The process of identifying, valuing, and equitably distributing your and your spouse’s marital property is often time consuming and complicated, depending upon the parties’ assets and liabilities. At Dragga, Hannon and Wills, LLP, we will help you through this process step-by-step, which includes, but is not limited to:

  1. Identifying, valuing, and tracing your pre-marital and non-marital property;
  2. Identifying and valuing the existing marital property; and,
  3. Identifying and valuing any “dissipated” or “extant” property (property that existed prior to the irreconcilable breakdown of the marriage, but was transferred or used for purposes unrelated to the marriage).
  4. Developing a fair and equitable distribution of marital property assets, some of which may be burdened with tax obligations (e.g. tax-deferred retirement assets, stock, some real estate);
  5. Crafting an agreement and any applicable court orders that are required for the transfer of retirement interests from one spouse to the other.

Every spouse enters the marriage with some property they acquired prior to their nuptials. The court generally allows you to retain what you owned prior to the marriage, as well as that which you acquired by gift or inheritance during the marriage. The issue becomes more complicated when pre-marital assets are co-mingled with marital assets (e.g. depositing inherited funds into a joint checking account containing income from employment from both spouses). Our team will work with you to identify what you owned prior to the marriage, as well as what is “directly traceable” to your pre-marital property in light of transactions that may have occurred during your marriage.

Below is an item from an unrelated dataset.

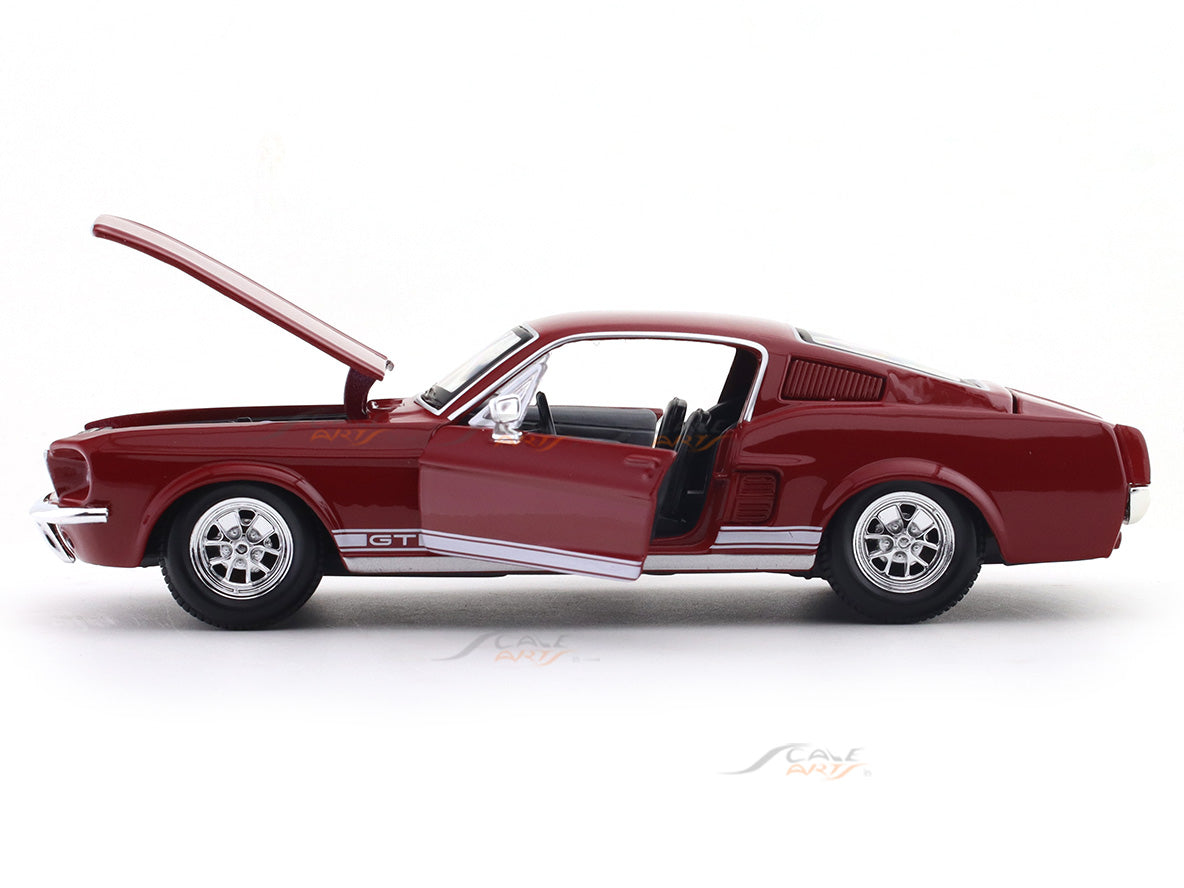 1967 Ford Mustang GT Acrylic Case 1:24 Bburago Licensed Diecast Scale Model Car Collectible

The division of marital property can be complex. “Acquiring” property is an on-going event pursuant to Maryland law, and as a result, it can become difficult to identify the sources that were used to acquire property over a long marriage. This can lead to the creation of property that is partially marital and partially non-marital. A joint bank account containing both marital and non-marital funds is a classic example of “mixed” property. Also, family homes are often acquired with funds from both marital and non-marital sources. We will help you sift through these issues, to preserve your pre-marital and/or non-marital contributions to the extent permitted by law.

Valuing the marital and non-marital property is the next step in the process. For many assets, such as bank accounts, brokerage accounts, and retirement accounts, the “fair market value” is obvious. For other assets, such as business interests, real estate, automobiles, and art and antiques, appraisals may be required. We will work with you to identify cost-effective means for valuing the property in question, and guide you in the selection of appropriate valuation experts for this process.

The last step is equitable distribution of the marital property. Equitable does not necessarily mean equal. The court has limited authority to transfer title to marital property from one spouse to the other. Differences in the value of marital property owned by each spouse are adjusted via monetary award. The court considers a number of factors when deciding how to allocate marital property via a monetary award, including, but not limited to the age and condition of the parties, the duration of the marriage, the parties’ monetary and non-monetary contributions to the marriage, and each party’s economic circumstances at the time of divorce, and the cause for the breakdown of the marriage. We will help you craft a settlement or award which takes into account your individual needs and circumstances, and the realities of your immediate future.